About the Art
Visitors to The Ohio State University may well mistake This Artwork by Mary Miss for a scarlet-and-gray architectural façade appended to Evans Laboratory, the 1960s-era academic building adjoining it to the west. Its sleek construction shares many of the materials and forms of more recent additions to campus architecture, and the resemblance is intentional.
Miss has made a career by questioning the boundaries between architecture and sculpture. The goal of This Artwork and others in her extensive corpus is to encourage viewers to “decode” their environment, giving more attention to the buildings that shape the movement of their bodies. In this case, viewers are also invited to participate in the environment’s reconfiguration. The work’s somewhat imposing façade belies a surprisingly flexible space in which interior panels can be rearranged to suit different kinds of use. The exterior metal panels can slide left or right, creating more open or enclosed spaces, while the black slate panels inside serve as chalkboards, like those within the nearby classrooms of Evans Lab.
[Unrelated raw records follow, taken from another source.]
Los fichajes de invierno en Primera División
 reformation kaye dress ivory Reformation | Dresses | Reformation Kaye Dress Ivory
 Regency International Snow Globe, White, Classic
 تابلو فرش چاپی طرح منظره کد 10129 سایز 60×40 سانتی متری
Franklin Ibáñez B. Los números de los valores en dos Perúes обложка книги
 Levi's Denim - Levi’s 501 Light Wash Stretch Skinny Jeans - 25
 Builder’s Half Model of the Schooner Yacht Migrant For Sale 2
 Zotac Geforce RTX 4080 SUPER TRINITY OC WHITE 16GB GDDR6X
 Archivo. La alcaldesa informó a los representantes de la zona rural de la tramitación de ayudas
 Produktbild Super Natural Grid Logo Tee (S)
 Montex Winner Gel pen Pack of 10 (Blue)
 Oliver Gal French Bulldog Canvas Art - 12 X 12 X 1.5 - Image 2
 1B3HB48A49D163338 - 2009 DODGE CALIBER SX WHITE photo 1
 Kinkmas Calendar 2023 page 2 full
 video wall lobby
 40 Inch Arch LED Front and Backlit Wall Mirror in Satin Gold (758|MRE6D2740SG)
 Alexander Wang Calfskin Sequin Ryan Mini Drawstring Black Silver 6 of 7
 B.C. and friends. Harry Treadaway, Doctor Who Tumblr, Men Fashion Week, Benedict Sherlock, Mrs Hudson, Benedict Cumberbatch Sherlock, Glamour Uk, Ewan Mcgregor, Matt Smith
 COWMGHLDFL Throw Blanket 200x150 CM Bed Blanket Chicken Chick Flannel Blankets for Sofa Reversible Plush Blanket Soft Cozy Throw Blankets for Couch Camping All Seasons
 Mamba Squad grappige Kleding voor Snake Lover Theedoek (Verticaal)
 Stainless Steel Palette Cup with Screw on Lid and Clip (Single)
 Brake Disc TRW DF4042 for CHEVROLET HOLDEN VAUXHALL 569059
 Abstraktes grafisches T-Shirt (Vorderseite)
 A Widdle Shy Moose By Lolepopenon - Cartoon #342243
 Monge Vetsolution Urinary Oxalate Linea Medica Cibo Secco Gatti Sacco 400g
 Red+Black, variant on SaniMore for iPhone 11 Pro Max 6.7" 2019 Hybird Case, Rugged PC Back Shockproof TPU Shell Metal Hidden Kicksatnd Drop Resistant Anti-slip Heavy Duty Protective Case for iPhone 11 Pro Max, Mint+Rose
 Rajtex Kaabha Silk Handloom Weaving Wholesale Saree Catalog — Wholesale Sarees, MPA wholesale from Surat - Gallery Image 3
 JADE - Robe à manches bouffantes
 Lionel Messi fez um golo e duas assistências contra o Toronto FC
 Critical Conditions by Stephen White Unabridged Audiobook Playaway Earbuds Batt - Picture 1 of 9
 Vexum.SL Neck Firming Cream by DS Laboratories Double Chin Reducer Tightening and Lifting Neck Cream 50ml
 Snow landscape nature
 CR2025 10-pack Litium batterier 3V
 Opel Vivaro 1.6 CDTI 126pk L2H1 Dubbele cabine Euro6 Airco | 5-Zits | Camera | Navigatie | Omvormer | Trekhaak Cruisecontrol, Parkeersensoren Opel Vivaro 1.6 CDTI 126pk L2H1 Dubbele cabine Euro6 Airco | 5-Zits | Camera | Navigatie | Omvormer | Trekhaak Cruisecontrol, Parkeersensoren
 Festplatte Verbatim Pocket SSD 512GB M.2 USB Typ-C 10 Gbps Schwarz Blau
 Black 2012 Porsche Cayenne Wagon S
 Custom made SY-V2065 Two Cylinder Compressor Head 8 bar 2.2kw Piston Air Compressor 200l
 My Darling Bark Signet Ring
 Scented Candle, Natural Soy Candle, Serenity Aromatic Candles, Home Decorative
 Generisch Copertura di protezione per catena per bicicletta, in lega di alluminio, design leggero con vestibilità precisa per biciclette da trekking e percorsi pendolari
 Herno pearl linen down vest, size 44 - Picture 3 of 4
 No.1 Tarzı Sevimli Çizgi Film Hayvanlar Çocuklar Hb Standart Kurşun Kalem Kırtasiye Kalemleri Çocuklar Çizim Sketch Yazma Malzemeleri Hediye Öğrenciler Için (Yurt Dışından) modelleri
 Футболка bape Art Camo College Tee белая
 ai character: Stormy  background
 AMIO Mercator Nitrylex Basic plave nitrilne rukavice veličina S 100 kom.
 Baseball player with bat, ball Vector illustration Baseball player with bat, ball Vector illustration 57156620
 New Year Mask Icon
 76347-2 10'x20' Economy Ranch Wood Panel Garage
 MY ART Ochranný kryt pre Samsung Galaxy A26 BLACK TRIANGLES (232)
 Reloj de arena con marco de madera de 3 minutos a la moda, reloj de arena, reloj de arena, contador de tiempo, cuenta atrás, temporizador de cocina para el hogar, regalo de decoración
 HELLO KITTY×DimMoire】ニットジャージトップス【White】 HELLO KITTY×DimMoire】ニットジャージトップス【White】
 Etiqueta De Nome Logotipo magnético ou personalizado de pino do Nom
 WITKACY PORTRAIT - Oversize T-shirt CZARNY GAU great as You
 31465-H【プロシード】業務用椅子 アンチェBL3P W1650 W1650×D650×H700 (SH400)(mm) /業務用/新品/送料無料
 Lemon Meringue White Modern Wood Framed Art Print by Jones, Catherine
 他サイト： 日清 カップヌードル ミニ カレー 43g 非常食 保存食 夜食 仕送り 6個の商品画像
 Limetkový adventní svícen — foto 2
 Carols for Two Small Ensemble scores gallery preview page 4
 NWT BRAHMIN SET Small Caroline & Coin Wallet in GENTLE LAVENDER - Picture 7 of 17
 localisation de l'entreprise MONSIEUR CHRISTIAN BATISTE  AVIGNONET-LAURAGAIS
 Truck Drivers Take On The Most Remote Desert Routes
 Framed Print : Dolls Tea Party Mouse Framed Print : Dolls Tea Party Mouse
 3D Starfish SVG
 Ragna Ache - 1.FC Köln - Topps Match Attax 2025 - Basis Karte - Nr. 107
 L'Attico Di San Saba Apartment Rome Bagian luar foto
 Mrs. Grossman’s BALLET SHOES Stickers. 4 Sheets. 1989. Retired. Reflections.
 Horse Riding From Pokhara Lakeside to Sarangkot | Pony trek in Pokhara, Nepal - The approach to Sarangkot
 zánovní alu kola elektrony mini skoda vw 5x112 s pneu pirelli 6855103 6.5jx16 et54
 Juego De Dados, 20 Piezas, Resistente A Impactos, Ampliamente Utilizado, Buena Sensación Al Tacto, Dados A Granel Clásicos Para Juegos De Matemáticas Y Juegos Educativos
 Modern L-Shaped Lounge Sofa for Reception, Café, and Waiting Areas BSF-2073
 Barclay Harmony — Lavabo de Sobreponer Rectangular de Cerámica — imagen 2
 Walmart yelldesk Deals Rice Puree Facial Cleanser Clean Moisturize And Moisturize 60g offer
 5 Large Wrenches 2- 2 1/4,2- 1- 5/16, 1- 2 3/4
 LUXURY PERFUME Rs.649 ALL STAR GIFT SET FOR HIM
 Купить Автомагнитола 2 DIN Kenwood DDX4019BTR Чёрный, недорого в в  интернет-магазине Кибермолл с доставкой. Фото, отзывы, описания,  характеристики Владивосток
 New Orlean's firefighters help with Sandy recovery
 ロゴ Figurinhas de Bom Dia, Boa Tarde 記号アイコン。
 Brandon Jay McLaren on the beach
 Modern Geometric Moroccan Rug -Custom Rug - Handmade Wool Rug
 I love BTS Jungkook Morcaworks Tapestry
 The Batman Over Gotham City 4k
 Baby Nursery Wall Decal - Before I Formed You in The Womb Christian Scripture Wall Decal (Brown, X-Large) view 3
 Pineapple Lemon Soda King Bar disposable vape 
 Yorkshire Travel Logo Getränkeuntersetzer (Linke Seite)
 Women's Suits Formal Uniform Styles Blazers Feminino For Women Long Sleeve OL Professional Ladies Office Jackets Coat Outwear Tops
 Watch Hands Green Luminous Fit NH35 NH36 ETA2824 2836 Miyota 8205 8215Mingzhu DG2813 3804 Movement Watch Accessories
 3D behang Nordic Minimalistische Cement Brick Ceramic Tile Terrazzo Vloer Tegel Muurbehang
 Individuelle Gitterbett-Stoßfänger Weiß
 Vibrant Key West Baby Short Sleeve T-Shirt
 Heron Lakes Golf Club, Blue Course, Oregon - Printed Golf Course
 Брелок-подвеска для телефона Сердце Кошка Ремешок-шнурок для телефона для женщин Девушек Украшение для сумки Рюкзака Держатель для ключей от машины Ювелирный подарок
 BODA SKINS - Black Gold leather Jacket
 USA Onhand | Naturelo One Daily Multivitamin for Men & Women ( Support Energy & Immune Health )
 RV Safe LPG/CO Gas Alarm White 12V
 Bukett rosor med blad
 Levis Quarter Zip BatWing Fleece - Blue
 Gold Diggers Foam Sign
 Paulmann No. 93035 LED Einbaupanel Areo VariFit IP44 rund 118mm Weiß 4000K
Over the years, hundreds, if not thousands, of people have availed themselves of the opportunity to leave their mark upon those surfaces.
Collection of The Ohio State University. Funded through the Ohio Percent for Art program.
Material
Mirrors, enamel panels, black chalkboards
Location
Outside of Evans Laboratory
About the Artist
Mary Miss is an American artist and designer who proved to be a pivotal figure in the feminist art movement of the 1970s, co-founding Heresies: A Feminist Publication on Art and Politics. She is also a key figure in environmental and site-specific art history, two genres not fully articulated until the late 20th century. Environmental art is an expansive category connecting artist and viewer to the landscape and natural materials. It encompasses both works that use earth as their material and art that addresses issues of ecology or environmentalism. Site-specific art is art created for a pre-selected place. The artist considers the intended location not only for the work’s final installation but also during its initial conception and design. Both categories are integral to Miss’s oeuvre, which intersects with landscape design, engineering and urban planning. Her work is made with a specific location in mind and is meant to bring our attention to that site — its landscape, buildings and inhabitants in new and interesting ways.